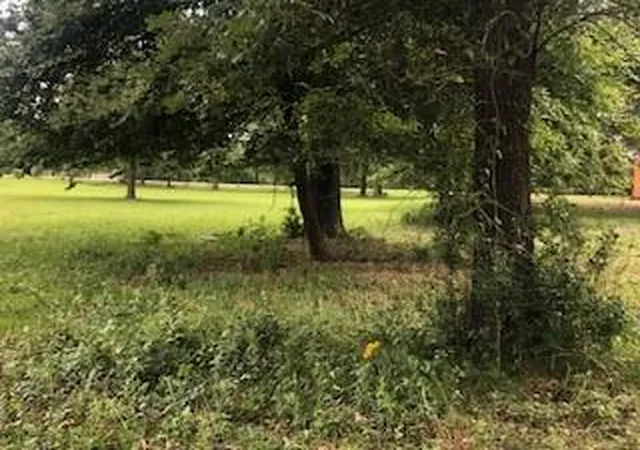 4th image of 000 Counts Rd, Pointblank, TX 77364 | MLS# 64450724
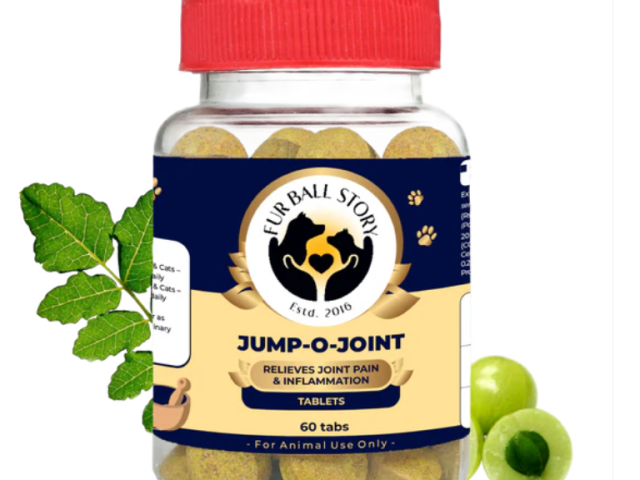 today-your-dogs-joints-finally-spoke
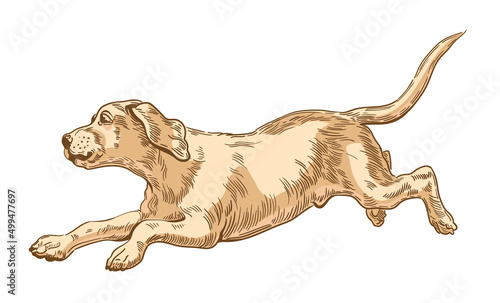 Labrador retriever dog running in a jump. Young puppy. Vector illustration  engraving.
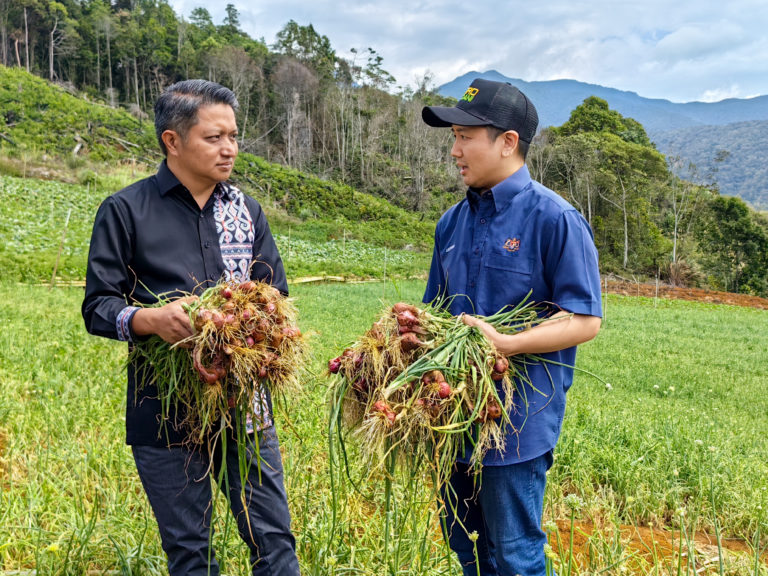 MARDI aktif keluarkan benih bawang merah melalui dua fasa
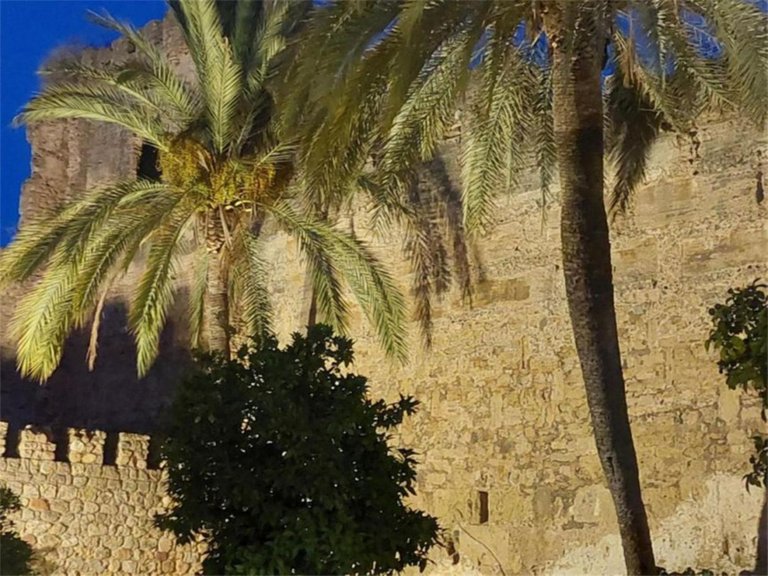 Plot for Sale in Marbella, Malaga 4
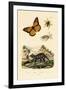 Butterfly, 1833-39-null-Framed Giclee Print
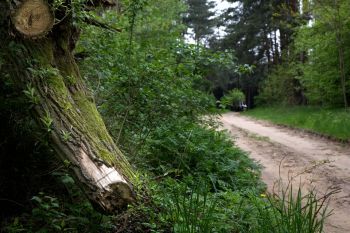 Zima i lato w Gminie Turek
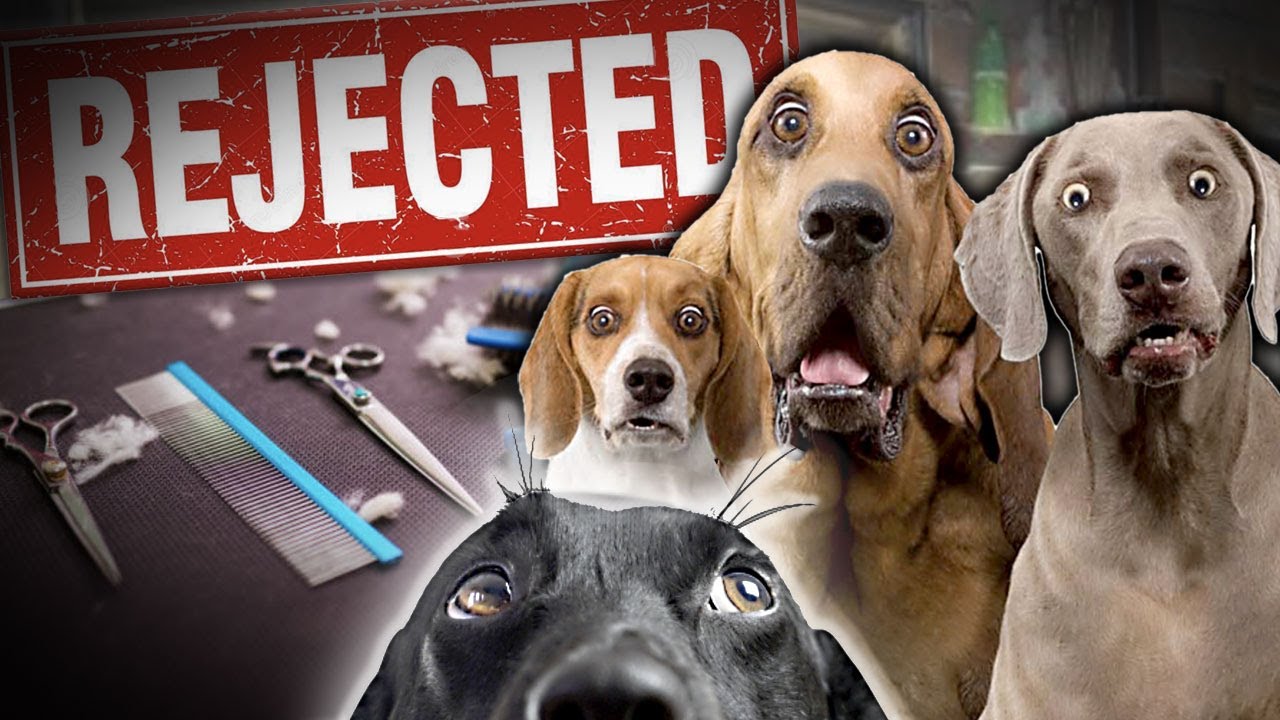 Dogs I REFUSE to GROOM and How to Build a THRIVING Client Base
——————————
INSTRUCTIONS TO FOLLOW: Without including any picture, reproduce the material above word for word.

ANSWER TO THIS TASK:
 4th image of 000 Counts Rd, Pointblank, TX 77364 | MLS# 64450724
 today-your-dogs-joints-finally-spoke
 Labrador retriever dog running in a jump. Young puppy. Vector illustration  engraving.
 MARDI aktif keluarkan benih bawang merah melalui dua fasa
 Plot for Sale in Marbella, Malaga 4
 Butterfly, 1833-39-null-Framed Giclee Print
 Zima i lato w Gminie Turek
 Dogs I REFUSE to GROOM and How to Build a THRIVING Client Base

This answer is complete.